Presence, your instructions worked like a charm!

So I have now defragged my primary hard drive twice and then made a full backup of my system, so I think I'm ready for the Ubuntu install. I will temporarily turn of system restore and page filing in XP as Raymondh has recommended. Should I just go ahead with Raymondh's instructions for the automated install?

Also, I booted without my external hard drive connected. Should I just format the Ubuntu 9.04 and swap partitions? What will be the easiest way to do so?

Glad that worked out for you.

My friend Raymond gave you excellent options for installing. I would proceed.

After Ubuntu is installed to internal then I would plug in the external and format & partition it as your needs dictate.

grubdude
December 31st, 2009, 04:55 PM
Presence1960: I don't want to highjack this thread but would you be able to shed any light on my original post on a similar topic?
Hi,

Does anyone have reliable experience working with the new Linux grub version 2, at all? I am trying to dual boot opensolaris with Ubuntu 9.10 and it is more tricky to edit the new version Linux grub menu versus the old. I don't want to trash my install in the process....

Unfortunately, I installed Opensolaris first and then Linux, so the grub menu is showing from Linux and boots into Linux only. It might have been better to install opensolaris second and modify its grub to see the Linux install. unfortunately ZFS and EXT4 file systems don't talk very well to each other....

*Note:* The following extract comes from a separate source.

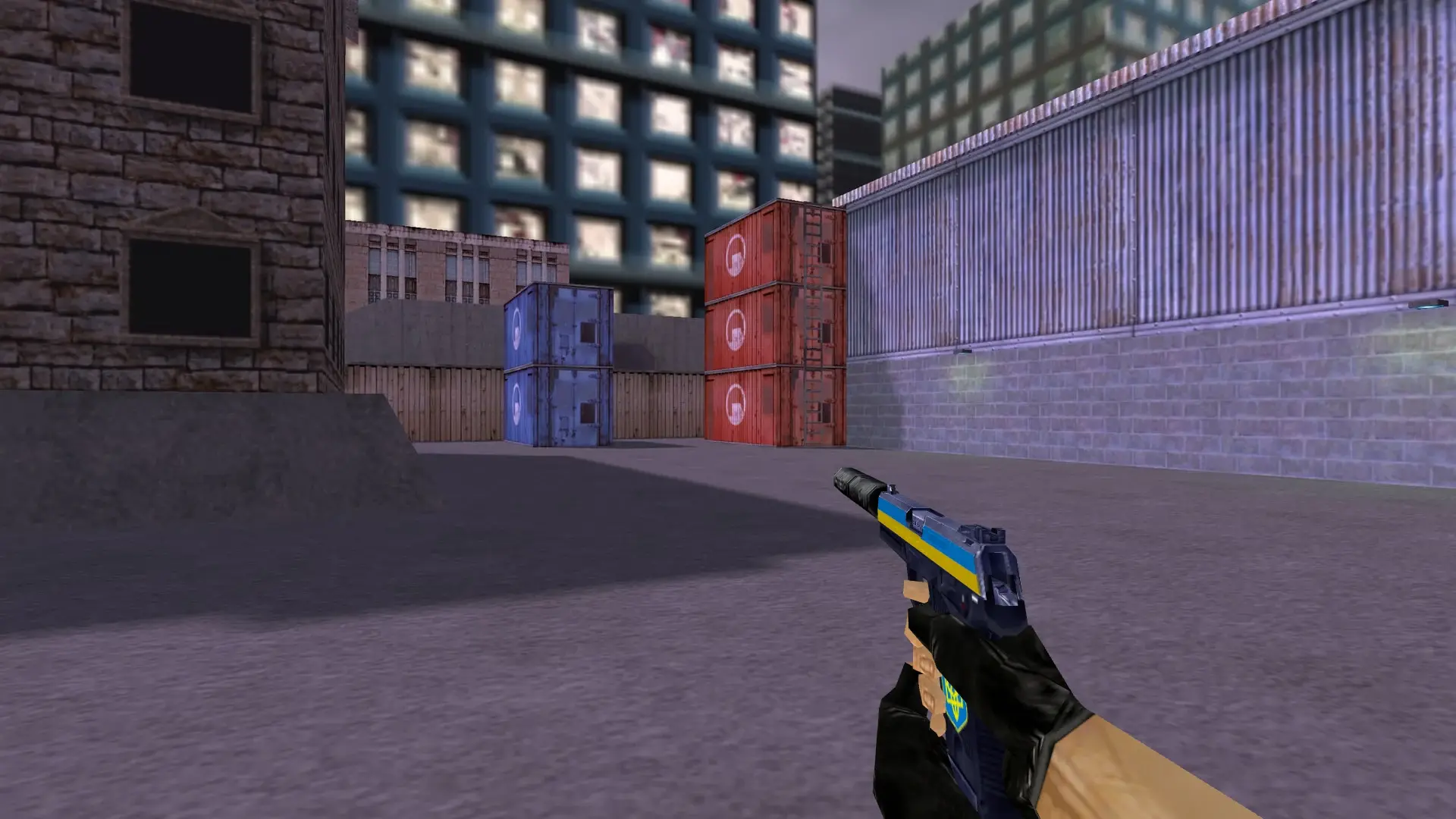 USP: Ukrainian Patriot — cs_assault (first person)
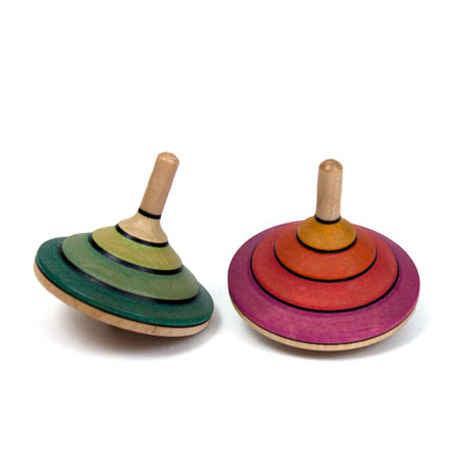 Flamenco Wooden Spinning Top - Why and Whale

I am fairly new to Linux/Unix so if you know a definite way to do this can you please put the exact lines etc. that need to be added to the grub2 menu to recognize opensolaris. Would prefer not having to reinstall both OSs.

Have 80gb hd on notebook split in half..First partition is opensolaris, second is Ubuntu 9.10 with included swap file. Thanks.

Really don't want to hose either install with my lack of experience. Thanks in advance!:wink:

Alternatively, is there any way to use the opensolaris live cd to boot into the installed opensolaris 2009.06 on my hard drive? I would settle for this as a temporary texchnique too. Thanks and Happy New Year!

raymondh
December 31st, 2009, 05:04 PM
What will be the easiest way to do so?

Using the slider is the easiest. A Manual install may be daunting at first ... but the experience will be worth it :)

If you have an old, spare machine ... I recommend you download and burn a live gparted CD and use it on the 'old' machine. Just see what it can do, etc, etc.

Best wishes ... happy new year.

raymondh
December 31st, 2009, 05:13 PM
Presense1960:

Alternatively, is there any way to use the opensolaris live cd to boot into the installed opensolaris 2009.06 on my hard drive? I would settle for this as a temporary texchnique too. Thanks and Happy New Year!

Cannot say much about opensolaris vis-a-vis ubuntu so I hope this can help.

I am able to get my OSX to work with GRUB by installing the OSX bootloader in the OSX partition and GRUB in the MBR of the HD. Grub controls the boot but, when you select OSX, it will segue into Darwin.

Maybe, just maybe, you can re-install opensoloaris' bootloader in the opensolaris partition and then .... chainload that to GRUB (since GRUB is already in the MBR).

Just a thought ....

Happy New Year :)

grubdude
December 31st, 2009, 05:19 PM
Raymondh,

Thanks for the response. I am fairly new to this(unix/linux) so I am a little hesitant to hose both installs....Right now it boots directly into Ubuntu 9.10 and does not even know Solaris exists on the first partition.

Probably would have been easier to install Ubuntu first, boot into opensolaris and modifu grub to see Ubuntu, but I didn't. Besides this will be more of a learning experience, if I can get someone with specific info on what to try....

Thanks for the feedback and Happy New Year!